It’s vacation time for the Anderson clan. My brother and his family will be spending three weeks with us (doesn’t telecommuting rock?). While setting up his workspace and lab I was a little surprised to see that he packed his personal desktop with his two work laptops. The desktop is on its last legs and he plans on replacing it with a new laptop when it goes off with the elephants to die.
It got me thinking about who among us are still using desktops. My wife and I abandoned desktops in 2004 and we’ve never looked back. We currently have seven laptops in our family, four personal and three for my company. (OK, I also maintain an Admin Arsenal virtual lab in my house, which runs off of Mac Minis, but even these are a smaller foot print than laptops.)
On the professional side I see some of our clients who have moved almost entirely to laptops.
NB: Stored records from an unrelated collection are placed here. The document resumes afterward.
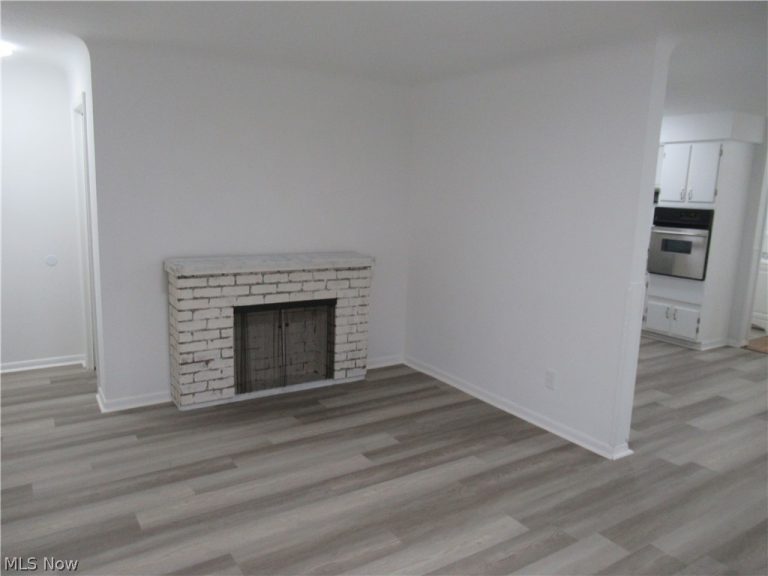 330 Paul Street, Bedford, OH - Photo 8
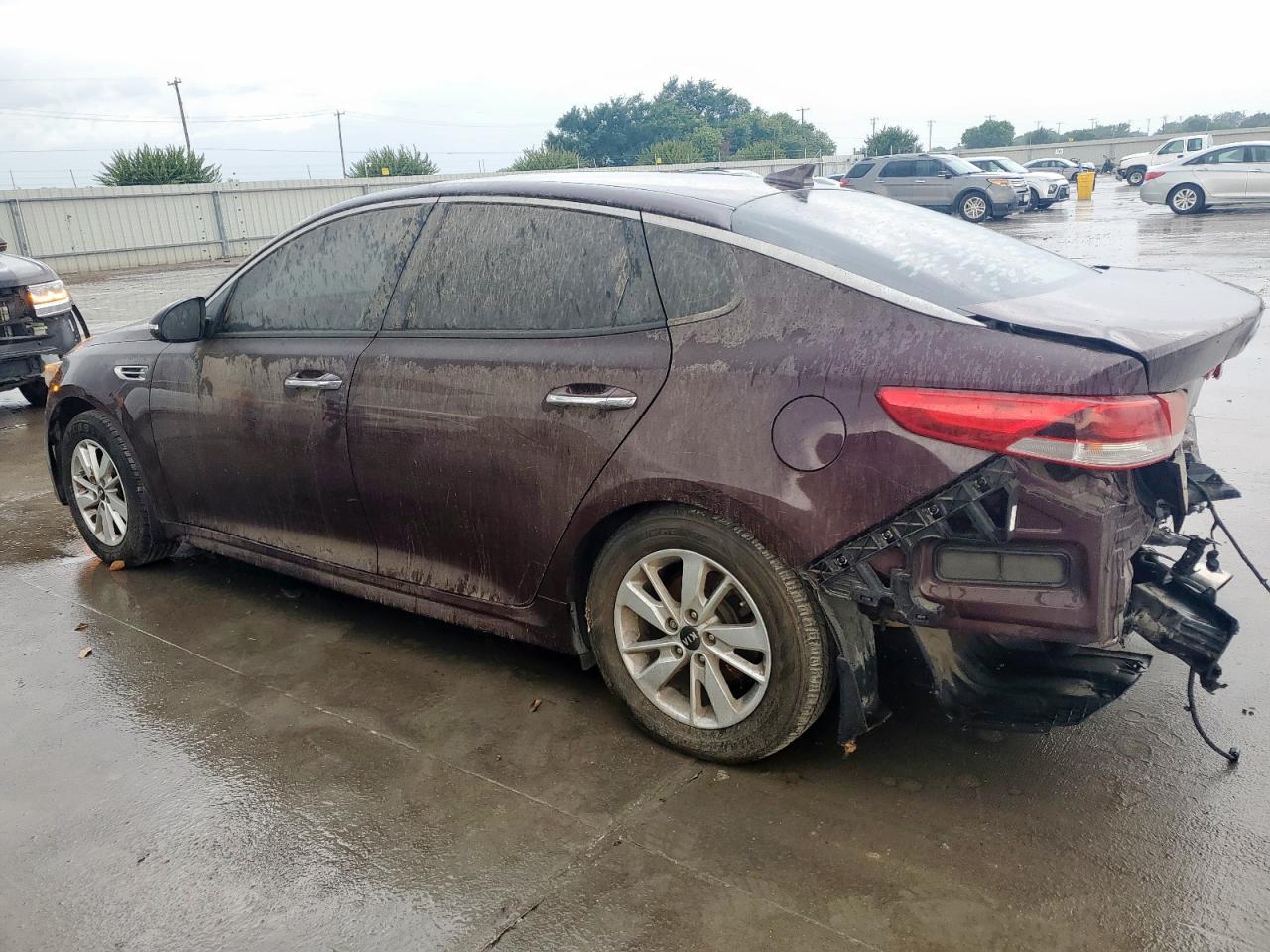 2017 Kia Optima Lx - Фото 2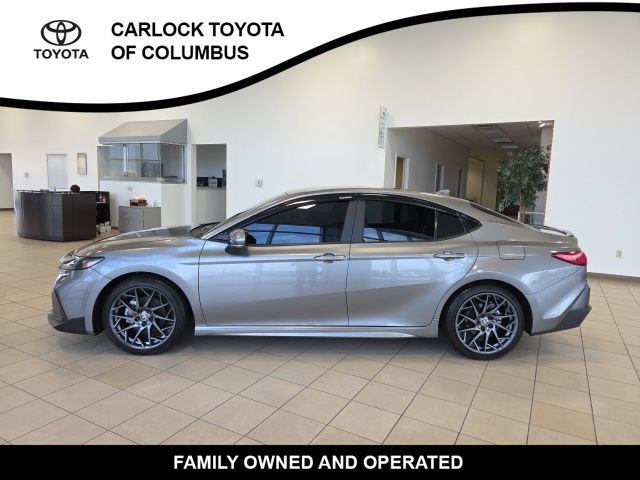 Used 2025 Toyota Camry SE w/ Convenience Package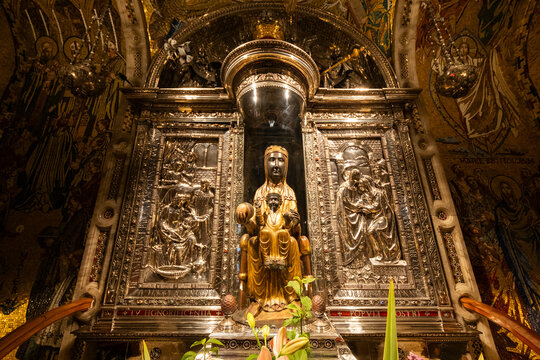 La Virgen de Montserrat, Barcelona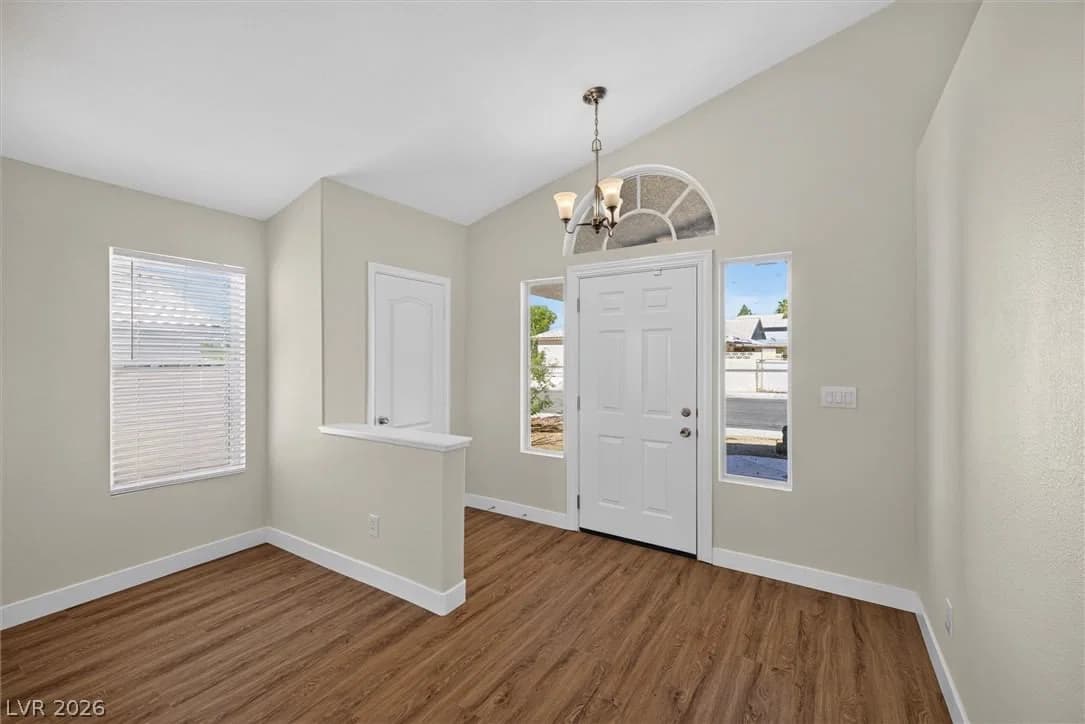 5916 Ivy Trellis Street photo 5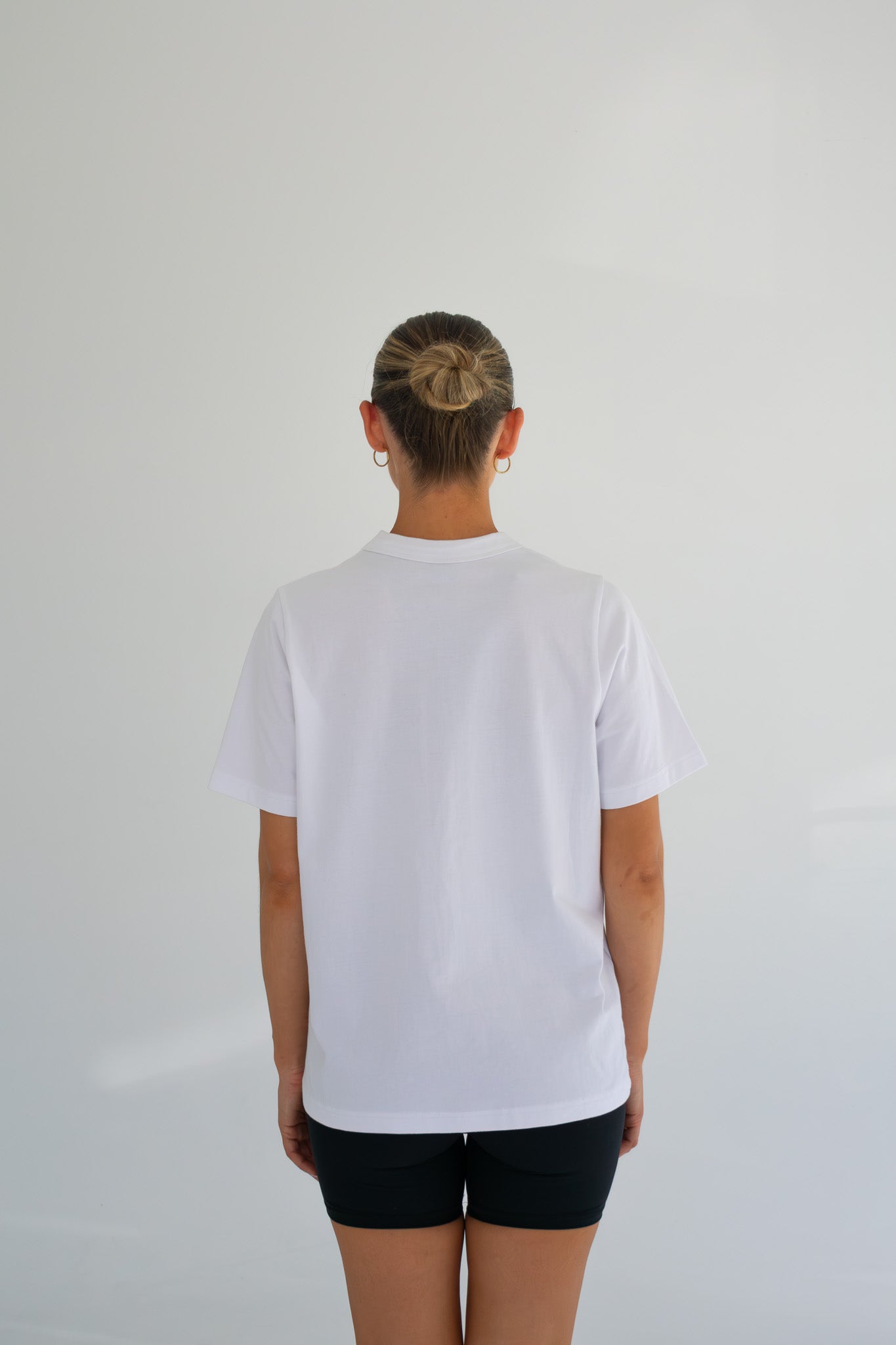 dk active Tops Logo Crew Tee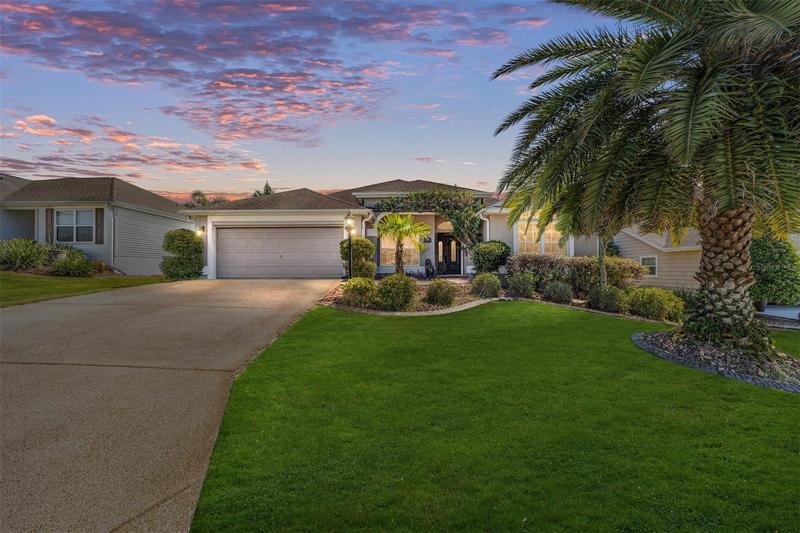 LOVELY GARDENIA DESIGNER WITH CHATTAHOOCHEE RIVER ROCK DRIVEWAY - NICE CURB APPEAL! THIS IS AN OVERSIZED 2 CAR GARAGE!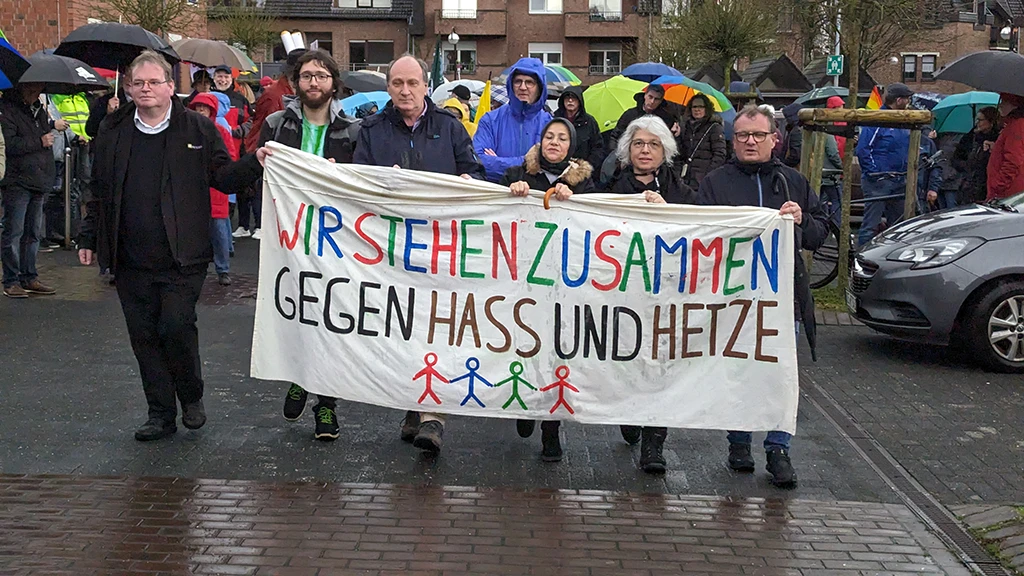 Start mit den Organisatoren vorne - Banner "Wir stehen zusammen Gegen Hass und Hetze"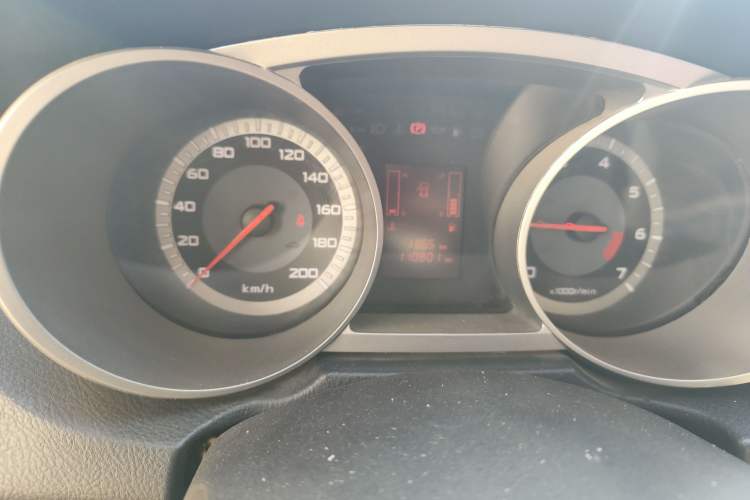 Used Land X8 2012 Explorer Edition 2.4L Gasoline 4X2 Ultra-Luxury Model
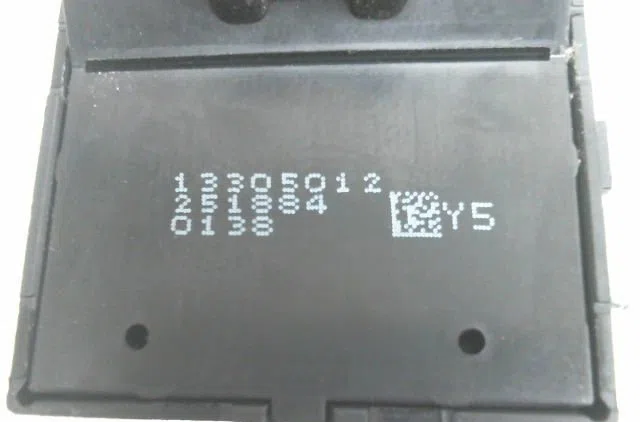 Commande lève-glace porte avant gauche OPEL MERIVA occasion
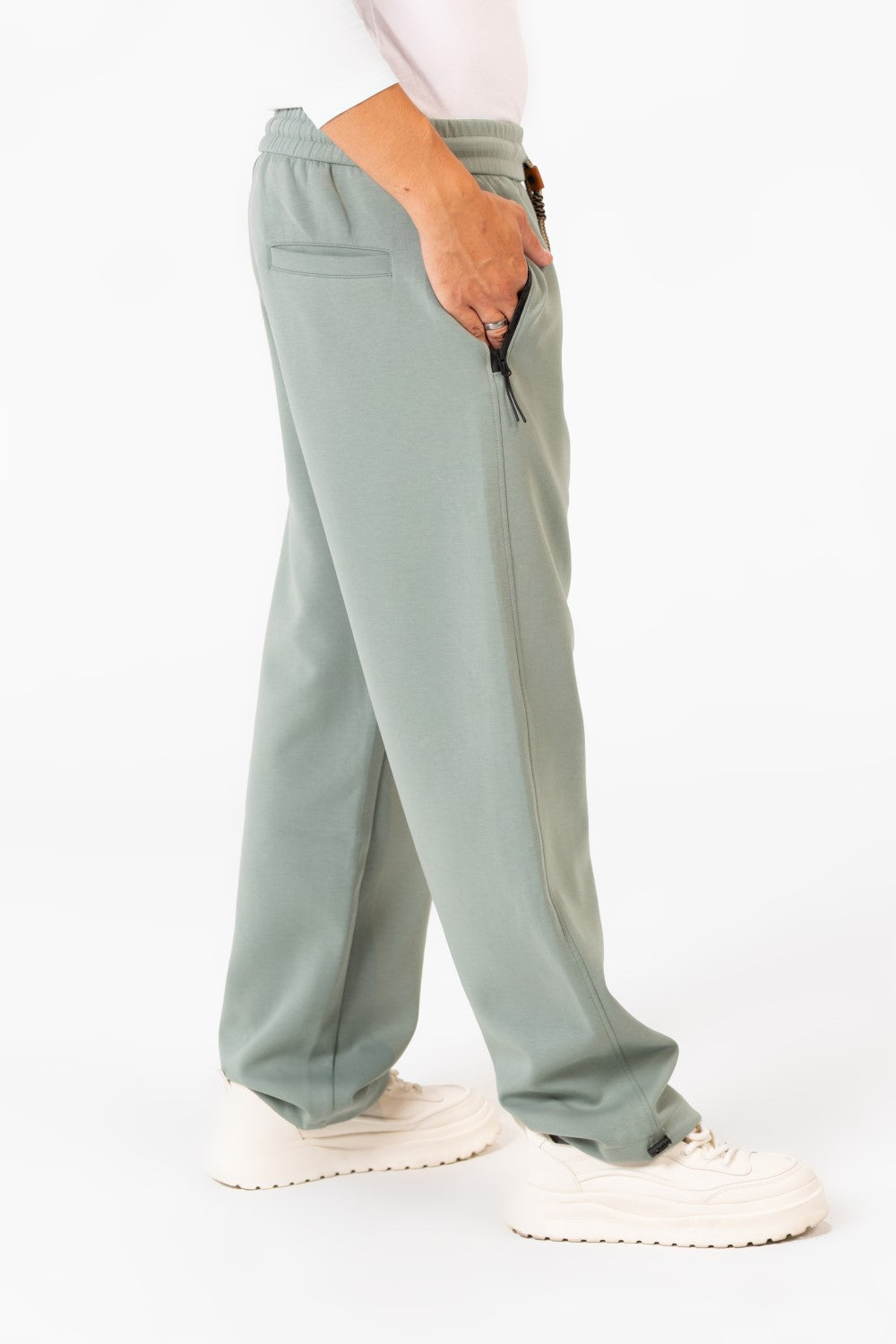 Men's Tomato Oversized Sweatpants With Elastic Waistband And Modern Zipper Pockets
Once considered a prize for the traveling few, now laptops are becoming the norm. With processing and storage power to rival their desktop counterparts it’s becoming an attractive option for companies.
Even if your employees will never need to work from home or travel, using the laptop will reduce footprint on desks and on the ground.
John Morris from ZDNet recently discussed this very topic. Gizmodo John Hermann provides a pretty good comparison chart for pros/cons of laptop vs. desktop. If you’re a hardcore developer or a process intensive graphic designer you may want to stay the course with beefed up desktops, while others may want to test the laptop waters.
It’s interesting to see the new products being announced. You hear surprisingly little from the desktop world these days. It seems that all the cool engineering is steered in the other direction.
Signs of things to come.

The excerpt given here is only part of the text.